[GOAL OF THE EXERCISE]: Repeat every entry word for word; omit all pictures.

[GIVEN DATA]:
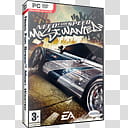 NFS Most Wanted DVD Case Icon, NFS MOST WANTED x transparent background PNG clipart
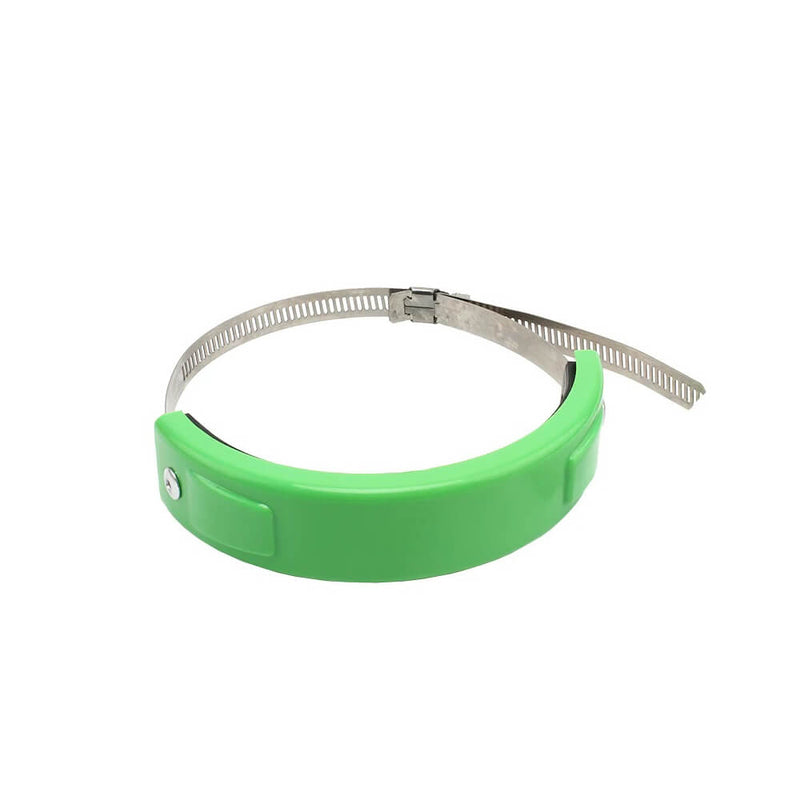 Carregue imagem no visualizador da galeriaAnel de proteção para escape de moto - Abraçadeira inox 100-160mm
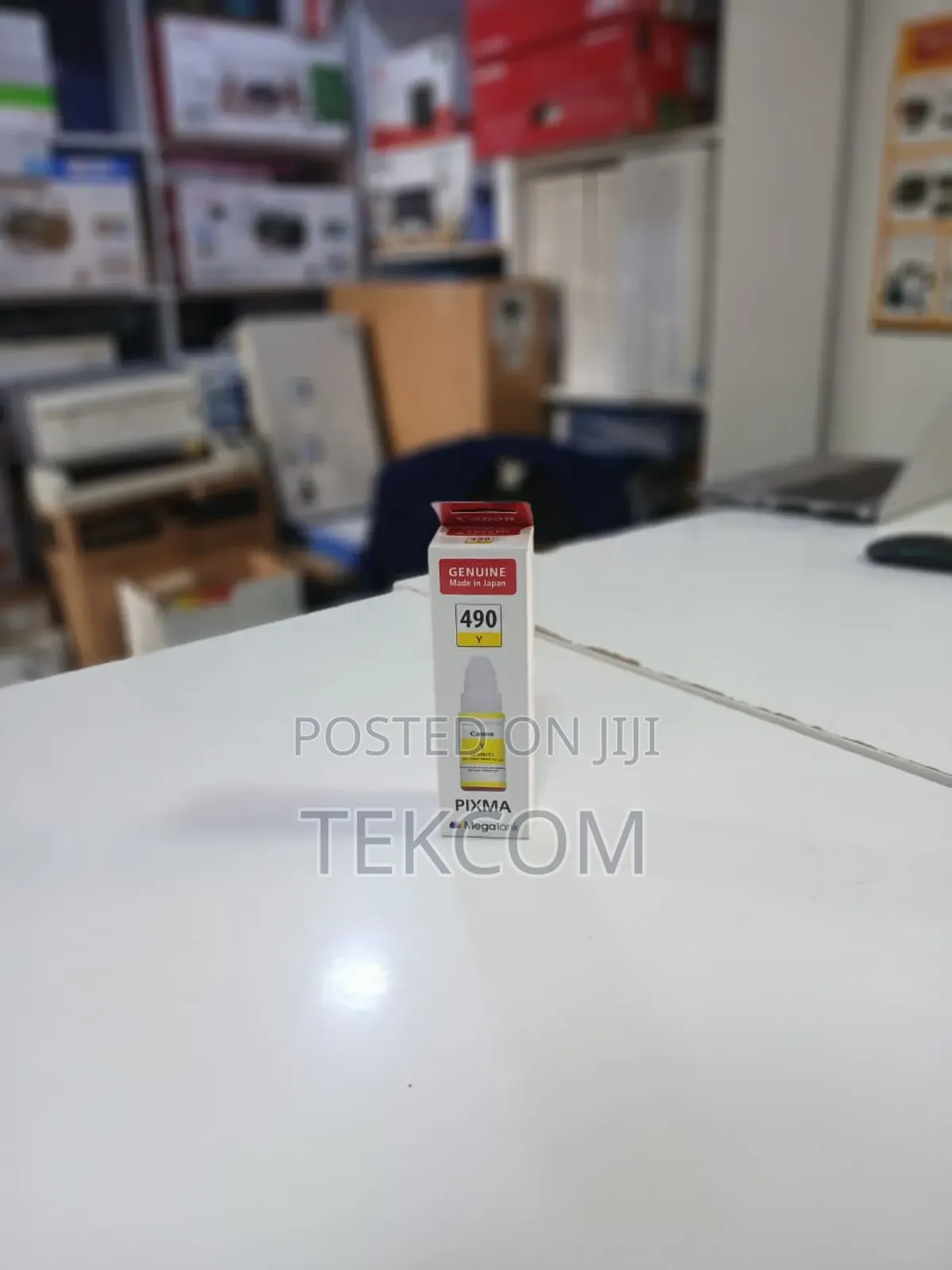Canon 490 Yellow Ink Bottle
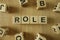 Role word from wooden blocks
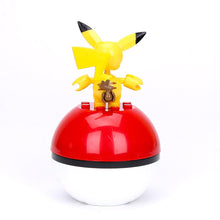 Lade das Bild in den Galerie-Viewer, Mega Construx Pokemon Pokeball (Pikachu, Mauzi, Glumanda, Bisasam, Schiggy Pummeluff) mit Pokemon Ball kaufen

[REPLY]:
 NFS Most Wanted DVD Case Icon, NFS MOST WANTED x transparent background PNG clipart
 Carregue imagem no visualizador da galeriaAnel de proteção para escape de moto - Abraçadeira inox 100-160mm
Canon 490 Yellow Ink Bottle
 Role word from wooden blocks
 Lade das Bild in den Galerie-Viewer, Mega Construx Pokemon Pokeball (Pikachu, Mauzi, Glumanda, Bisasam, Schiggy Pummeluff) mit Pokemon Ball kaufen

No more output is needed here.